Raj Bushra
Department of Cell and Developmental Biology, Perelman School of Medicine, University of Pennsylvania, Philadelphia, PA, USA.
Institute for Regenerative Medicine, University of Pennsylvania Perelman School of Medicine, Philadelphia, PA, USA.
Methods Mol Biol. 2025;2886:299-310. doi: 10.1007/978-1-0716-4310-5_15.

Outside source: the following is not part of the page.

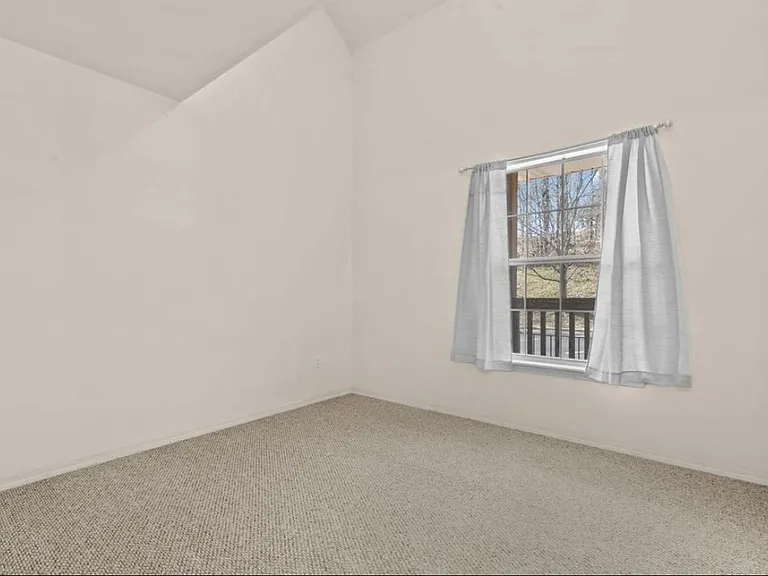 510 Abby Ln #7 — Photo 8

CRISPR-Cas tools have recently been adapted for cell lineage tracing during development. Combined with single-cell RNA sequencing, these methods enable scalable lineage tracing with single-cell resolution. Here, I describe, scGESTALTv2, which combines cumulative CRISPR-Cas9 editing of a lineage barcode array with transcriptional profiling via droplet-based single-cell RNA sequencing (scRNA-seq). The technique is applied in developing zebrafish brains to generate mutations in the barcode array during development. The recorded lineages along with cellular transcriptomes are then extracted via scRNA-seq to define cell relationships among thousands of profiled brain cells and dozens of cell types.
CRISPR-Cas工具最近已被应用于发育过程中的细胞谱系追踪。结合单细胞RNA测序,这些方法能够实现具有单细胞分辨率的可扩展谱系追踪。在此,我描述了scGESTALTv2,它将谱系条形码阵列的累积CRISPR-Cas9编辑与基于液滴的单细胞RNA测序(scRNA-seq)的转录谱分析相结合。该技术应用于发育中的斑马鱼大脑,以在发育过程中在条形码阵列中产生突变。然后通过scRNA-seq提取记录的谱系以及细胞转录组,以定义数千个被分析的脑细胞和数十种细胞类型之间的细胞关系。